He lied about money
For years now, he has lied about money and our finances. I have been married to him for nearly 25 years and have known for a long time that it wouldn’t last because he constantly lied about everything, especially the money. He hid bills, pretended he paid bills when he didn't, ran up huge credit card debt without my knowledge, and took no responsibility for his actions.
In the beginning, he would be remorseful for the financial train wreck he caused, but for the last few years he just becomes indignant. I stayed home with our 3 kids for years and now I am working full time, but my earning potential is pathetic even though I have a college degree. I’ve finally had enough and will be filing for divorce. I am totally overwhelmed with emotions, problems with my oldest daughter who is 20 and sides with her dad, and freaking out about how to fill out all the paperwork needed to file. He is taking constant loans out of the joint checking with no explanation as to where the money is going and has opened another account in his own name.
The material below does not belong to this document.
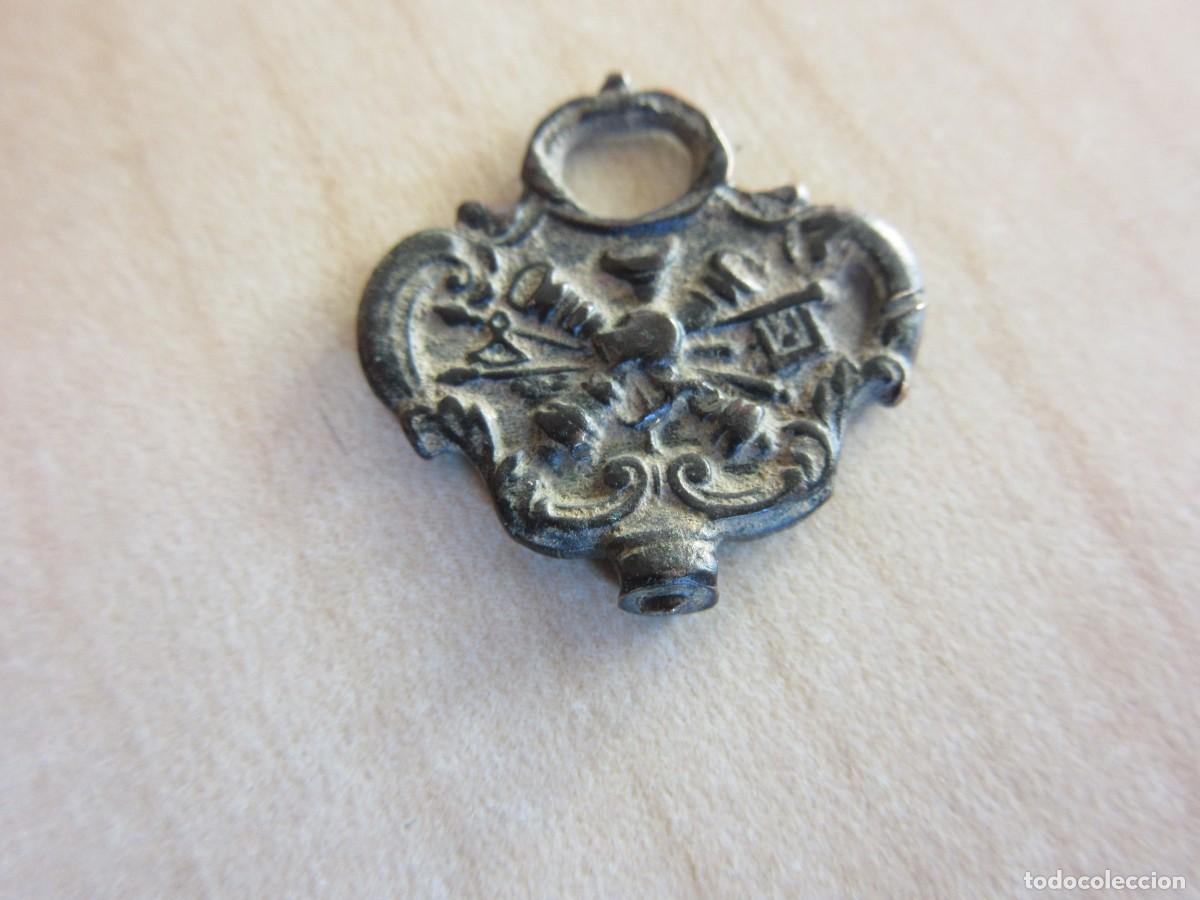 Recambios de relojes: Antigua llave de reloj de bolsillo con motivos militares(ca&ntilde;ones, banderas, etc ) Finales S XIX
I have had my own checking for about 6 months and he was angry I was depositing my check directly into that account because he couldn’t access it. I did this to protect what little money I was making, but am still helping to pay bills.
I am beginning to think he has either a gambling addiction or a sexual addiction and is using the money for some sinister activity. I have become totally distrustful of him over the years and regret I stayed, but came from an abusive family and I guess I felt I didn't deserve better. I have lost everything, my husband, my daughter, and now my sister-in-law who was my best friend and is being fed his lies about what a psycho I am.
I am trudging through mud and trying to deal with all this turmoil and grieving all these losses. It’s hard to keep going on.